Hi Netty
first let me say how sorry I am that you have received this diagnosis. It is so difficult to be told you have Cancer. I don't have Cancer but I went through a horrible couple of years worrying about a Mass in my Adrenal Gland. I visited a Cancer Hospital several times a year for it and finally had the gland removed to find out it was not cancer. Thank goodness.
I do know the feelings you are talking about........ It is like at least for my family, if you don't talk about it ....it isn't happening. The first couple of days they all pacified me and then after that it was life as normal.
I truly wanted to scream at them as my dd would say here's the kids to take care of........Don't you remember I am going through a tough time now? Gosh it was like perhaps I was an inconvenience to them. I know that isn't really the way they thought. They just couldn't talk about it. They feared the worst and thought they had to treat me like all was normal. Especially my dd as she saw my Mom pass from Cancer on the brain.
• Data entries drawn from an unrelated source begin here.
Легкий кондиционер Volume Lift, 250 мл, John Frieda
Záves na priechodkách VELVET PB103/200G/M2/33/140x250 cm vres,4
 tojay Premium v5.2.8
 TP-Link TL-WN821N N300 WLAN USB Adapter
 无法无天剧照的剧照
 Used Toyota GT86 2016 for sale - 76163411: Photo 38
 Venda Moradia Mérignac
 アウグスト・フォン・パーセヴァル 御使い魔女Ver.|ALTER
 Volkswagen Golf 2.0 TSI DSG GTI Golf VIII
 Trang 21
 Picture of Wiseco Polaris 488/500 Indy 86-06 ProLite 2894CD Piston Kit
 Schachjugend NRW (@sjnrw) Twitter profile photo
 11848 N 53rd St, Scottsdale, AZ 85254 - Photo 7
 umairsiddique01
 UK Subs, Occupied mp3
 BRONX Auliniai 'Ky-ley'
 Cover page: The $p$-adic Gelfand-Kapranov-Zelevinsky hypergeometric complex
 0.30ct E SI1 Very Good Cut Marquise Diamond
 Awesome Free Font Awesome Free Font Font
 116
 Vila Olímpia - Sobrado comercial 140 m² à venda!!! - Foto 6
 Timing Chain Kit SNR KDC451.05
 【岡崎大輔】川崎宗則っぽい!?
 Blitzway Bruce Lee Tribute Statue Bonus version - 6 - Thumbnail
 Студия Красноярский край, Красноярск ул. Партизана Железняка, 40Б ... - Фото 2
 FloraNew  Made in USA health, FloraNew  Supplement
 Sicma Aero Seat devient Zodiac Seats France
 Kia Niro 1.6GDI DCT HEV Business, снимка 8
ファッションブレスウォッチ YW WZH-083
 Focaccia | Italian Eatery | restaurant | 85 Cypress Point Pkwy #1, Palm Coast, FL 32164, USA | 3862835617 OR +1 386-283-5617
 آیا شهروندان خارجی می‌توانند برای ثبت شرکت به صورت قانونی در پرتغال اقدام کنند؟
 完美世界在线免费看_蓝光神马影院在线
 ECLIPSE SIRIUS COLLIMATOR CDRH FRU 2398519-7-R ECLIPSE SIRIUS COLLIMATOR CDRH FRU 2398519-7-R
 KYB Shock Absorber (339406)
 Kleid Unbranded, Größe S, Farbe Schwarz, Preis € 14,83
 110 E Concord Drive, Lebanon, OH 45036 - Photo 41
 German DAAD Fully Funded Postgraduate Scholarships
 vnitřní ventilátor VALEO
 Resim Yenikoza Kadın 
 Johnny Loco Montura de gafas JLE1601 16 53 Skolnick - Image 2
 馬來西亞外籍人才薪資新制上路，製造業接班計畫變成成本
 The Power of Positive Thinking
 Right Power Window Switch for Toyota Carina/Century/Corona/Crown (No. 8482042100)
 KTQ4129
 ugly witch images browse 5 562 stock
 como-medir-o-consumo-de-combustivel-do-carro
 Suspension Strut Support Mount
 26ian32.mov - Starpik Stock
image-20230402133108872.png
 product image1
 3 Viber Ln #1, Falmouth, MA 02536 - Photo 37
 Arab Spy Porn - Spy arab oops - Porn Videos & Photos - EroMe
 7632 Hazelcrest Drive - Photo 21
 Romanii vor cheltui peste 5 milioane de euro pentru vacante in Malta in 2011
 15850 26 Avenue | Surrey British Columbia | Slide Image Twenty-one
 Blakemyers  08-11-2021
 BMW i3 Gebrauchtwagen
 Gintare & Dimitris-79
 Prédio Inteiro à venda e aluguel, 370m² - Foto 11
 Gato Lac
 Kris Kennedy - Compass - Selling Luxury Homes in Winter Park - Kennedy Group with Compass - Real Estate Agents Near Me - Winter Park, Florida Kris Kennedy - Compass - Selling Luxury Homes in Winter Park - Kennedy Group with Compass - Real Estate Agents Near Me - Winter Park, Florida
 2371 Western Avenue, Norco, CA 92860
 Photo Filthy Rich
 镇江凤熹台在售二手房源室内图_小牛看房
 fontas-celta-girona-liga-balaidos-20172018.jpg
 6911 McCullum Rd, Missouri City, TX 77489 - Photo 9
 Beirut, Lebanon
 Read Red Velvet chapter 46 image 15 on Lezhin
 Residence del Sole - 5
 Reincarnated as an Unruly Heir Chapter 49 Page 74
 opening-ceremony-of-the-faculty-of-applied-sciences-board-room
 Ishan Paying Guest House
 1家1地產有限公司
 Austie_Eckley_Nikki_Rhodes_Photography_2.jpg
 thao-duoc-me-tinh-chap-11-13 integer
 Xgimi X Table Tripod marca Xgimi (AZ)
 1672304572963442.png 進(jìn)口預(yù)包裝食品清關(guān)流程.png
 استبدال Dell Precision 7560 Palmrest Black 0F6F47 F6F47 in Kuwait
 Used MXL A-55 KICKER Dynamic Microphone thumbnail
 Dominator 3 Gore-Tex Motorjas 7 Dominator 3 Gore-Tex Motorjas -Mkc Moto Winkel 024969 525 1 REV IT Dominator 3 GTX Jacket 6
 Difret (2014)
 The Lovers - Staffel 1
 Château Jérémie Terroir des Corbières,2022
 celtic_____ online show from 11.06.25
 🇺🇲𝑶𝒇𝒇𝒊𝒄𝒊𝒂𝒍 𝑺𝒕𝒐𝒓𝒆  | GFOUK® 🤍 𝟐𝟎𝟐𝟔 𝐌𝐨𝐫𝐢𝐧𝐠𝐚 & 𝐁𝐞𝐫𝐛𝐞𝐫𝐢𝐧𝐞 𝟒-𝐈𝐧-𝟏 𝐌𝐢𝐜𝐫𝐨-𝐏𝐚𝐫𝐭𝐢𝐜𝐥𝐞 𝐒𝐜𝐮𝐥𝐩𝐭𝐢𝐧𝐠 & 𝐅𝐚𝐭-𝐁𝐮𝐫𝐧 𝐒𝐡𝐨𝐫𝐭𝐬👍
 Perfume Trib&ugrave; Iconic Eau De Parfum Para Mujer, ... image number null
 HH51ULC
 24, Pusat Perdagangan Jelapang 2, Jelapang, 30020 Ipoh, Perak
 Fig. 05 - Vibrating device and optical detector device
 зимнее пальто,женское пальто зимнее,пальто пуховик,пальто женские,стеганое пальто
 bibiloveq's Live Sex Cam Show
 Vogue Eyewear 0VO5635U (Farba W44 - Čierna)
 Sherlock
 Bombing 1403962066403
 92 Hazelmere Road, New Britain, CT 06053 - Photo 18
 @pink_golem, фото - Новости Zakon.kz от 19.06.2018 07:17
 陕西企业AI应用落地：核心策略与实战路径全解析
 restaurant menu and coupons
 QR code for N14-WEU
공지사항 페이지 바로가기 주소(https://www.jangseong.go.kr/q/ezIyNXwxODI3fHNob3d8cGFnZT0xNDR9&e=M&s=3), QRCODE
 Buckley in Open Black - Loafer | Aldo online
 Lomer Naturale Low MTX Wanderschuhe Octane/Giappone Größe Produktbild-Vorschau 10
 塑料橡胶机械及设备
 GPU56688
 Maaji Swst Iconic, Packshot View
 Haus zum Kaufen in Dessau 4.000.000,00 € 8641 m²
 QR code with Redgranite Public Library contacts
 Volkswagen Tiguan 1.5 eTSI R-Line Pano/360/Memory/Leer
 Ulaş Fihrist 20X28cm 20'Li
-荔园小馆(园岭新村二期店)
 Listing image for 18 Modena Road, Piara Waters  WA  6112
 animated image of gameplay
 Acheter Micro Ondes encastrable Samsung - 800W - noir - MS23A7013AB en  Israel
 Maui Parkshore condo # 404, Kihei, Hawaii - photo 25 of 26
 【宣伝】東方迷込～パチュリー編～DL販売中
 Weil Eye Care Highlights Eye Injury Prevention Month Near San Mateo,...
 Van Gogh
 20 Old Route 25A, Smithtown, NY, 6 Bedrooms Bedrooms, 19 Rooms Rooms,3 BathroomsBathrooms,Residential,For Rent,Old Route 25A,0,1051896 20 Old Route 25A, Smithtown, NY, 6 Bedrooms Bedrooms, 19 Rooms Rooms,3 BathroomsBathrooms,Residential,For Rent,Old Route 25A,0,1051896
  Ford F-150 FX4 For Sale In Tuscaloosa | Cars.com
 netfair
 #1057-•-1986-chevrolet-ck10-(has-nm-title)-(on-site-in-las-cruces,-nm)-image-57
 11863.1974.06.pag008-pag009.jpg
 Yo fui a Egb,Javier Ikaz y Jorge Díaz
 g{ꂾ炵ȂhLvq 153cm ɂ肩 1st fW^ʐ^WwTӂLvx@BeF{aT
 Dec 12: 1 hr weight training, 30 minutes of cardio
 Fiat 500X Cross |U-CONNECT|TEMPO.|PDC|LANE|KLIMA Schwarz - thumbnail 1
I am sure your family truly is worried but just doesn't know how to show it. I spent many nights in the spare room crying into the pillow not to wake my dh. Some nights he would hear me and come hold me to calm me down. So Netty, we do know on this board what you are going through. Talk to dh let him know how worried you are.
I am hoping that your doctors did a great job and after the 5 years on meds all will be fine. My MIL had breast cancer and took Tamoxifen. I can't remember if she had radiation therapy or chemo. I do know she has now passed her 5 yr mark and is doing great. I am hoping you will be able to say the same.
Have you visited the Breast Cancer Board: http://messageboards.ivillage.com/iv-bhbreast/start
The ladies there may be able to answer more of your questions.
Sending you positive thoughts and please any time you want to come here and STOMP your feet or cry or get a hug.....stop in. That's why I am here.